═════ GIVEN MATERIAL ═════

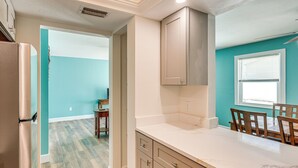 Een keuken met turquoise wanden, een wit aanrecht en houten stoelen.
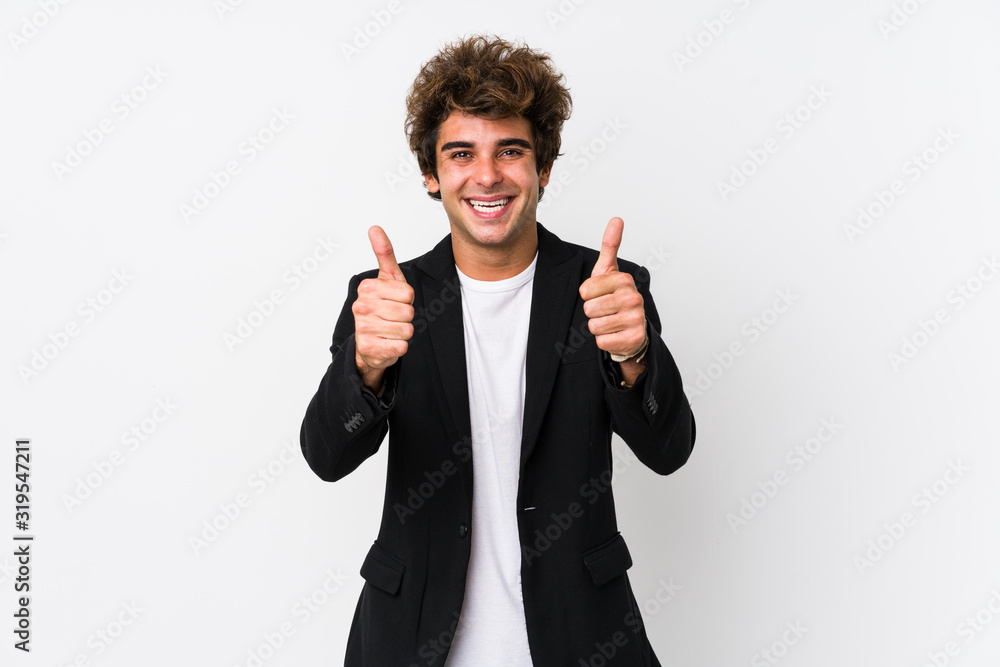 Young caucasian business man against a white background isolated with thumbs ups, cheers about something, support and respect concept. Young caucasian business man against a white background isolated with thumbs ups, cheers about something, support and respect concept.
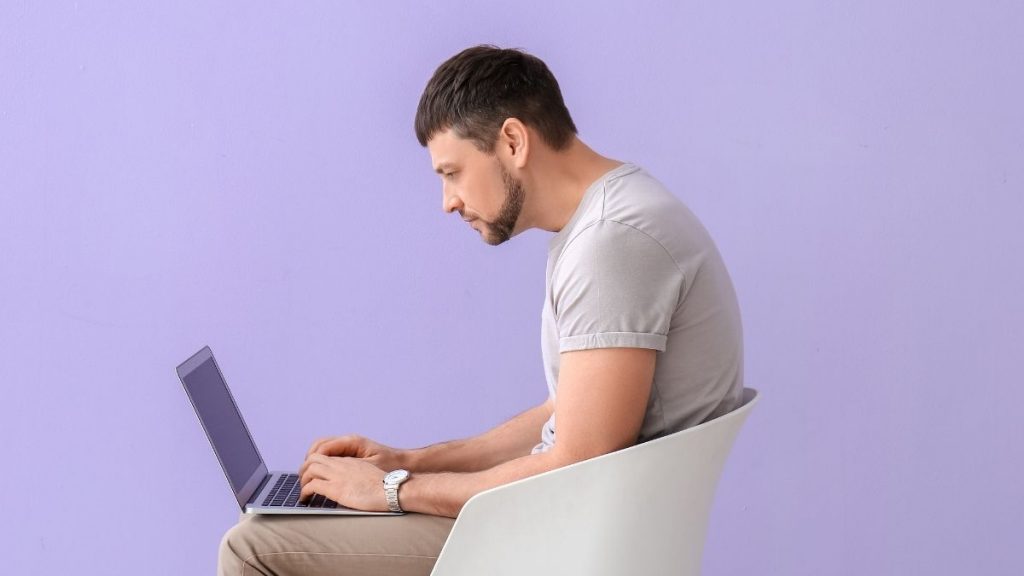 rounded shoulder posture demonstrated by a man using a laptop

═════

_AIM OF THE TASK_:
Output a faithful copy of the data, with each picture left out.

_YOUR SOLUTION_:
 Een keuken met turquoise wanden, een wit aanrecht en houten stoelen.
 Young caucasian business man against a white background isolated with thumbs ups, cheers about something, support and respect concept. Young caucasian business man against a white background isolated with thumbs ups, cheers about something, support and respect concept.
 rounded shoulder posture demonstrated by a man using a laptop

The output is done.